Imagine how different your outlook on life would be if you were a 15-year-old son or daughter of Amazon CEO Jeff Bezos. At one point in 2019 he was the richest man in the world, with an estimated net worth of $170 billion. If you were one of his four offspring, you would be an heir to some or all of that money. Suppose his will stipulated that at age 25 you would receive 10 percent of the inheritance; that’s $17 billion. As a teenager, your thoughts about the future, about your plans and hopes and dreams, your sense of security—all would be different than the average person. No matter what problems or challenges you faced from now until turning 25, you would remember and console yourself with the great change that awaited you.

This is the attitude every Christian can have. We are God’s sons and daughters and thus his heirs. He owns everything and promises to give it to his children.

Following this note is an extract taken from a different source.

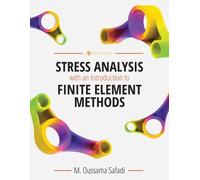 M. Oussama Safadi (autho Stress Analysis with an Introduction to Fi (Tascabile)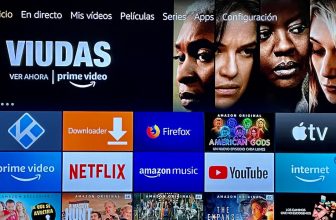 instalar APKs Android en Amazon Fire TV Stick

The earth and much more we cannot yet comprehend is our inheritance.

Colossians 1:12 says Christians should be “giving joyful thanks to the Father, who has qualified you to share in the inheritance of his holy people in the kingdom of light” (NIV). Notice the word “qualified.” One dictionary defines an heir as “one who is entitled to inherit property.” Notice the word “entitled.” This means the heir has a legal right to something. The children of the heavenly Father have a right to all he owns.

Your heavenly inheritance

Consider a few things Scripture teaches about your inheritance.

“I pray that the eyes of your heart may be enlightened in order that you may know the hope to which he has called you, the riches of his glorious inheritance in his holy people” (Ephesians 1:18 NIV).

–We need light to be given to our spiritual eyes to grasp how great our hope in this inheritance can be, how glorious this inheritance is. Its riches are infinitely greater than anything the children of Jeff Bezos will receive. The Bezos children should envy you rather than your envying them.

“All things are yours, whether Paul or Apollos or Cephas or the world or life or death or the present or the future—all are yours, and you are Christ’s, and Christ is God’s” (1 Corinthians 3:21–23).

–Being an heir of God literally means everything is yours, shared with all the rest of God’s children, because everything belongs to your Father. This is your Father’s world, and he delights to give it all to you. You will inherit the whole world.

–Even something negative like death is yours in the sense that Christ has transformed the death of a Christian into something he uses to bring us good. Through death we go from mortality to immortality, from perishable to imperishable, from weakness to strength. We die in union with Christ and his death, unlike those who do not follow Christ, who die in their sins in union with the devil.

“Listen, my beloved brothers, has not God chosen those who are poor in the world to be rich in faith and heirs of the kingdom, which he has promised to those who love him?” (James 2:5 ESV)

–We will inherit the kingdom of God, our Father’s glorious new creation of righteousness, peace, and joy that is coming someday upon the earth. It is our right as a child of the heavenly Father.

“He saved us…so that being justified by his grace we might become heirs according to the hope of eternal life” (Titus 3:5–7 ESV).

–We will inherit eternal life. In Christ this is your right.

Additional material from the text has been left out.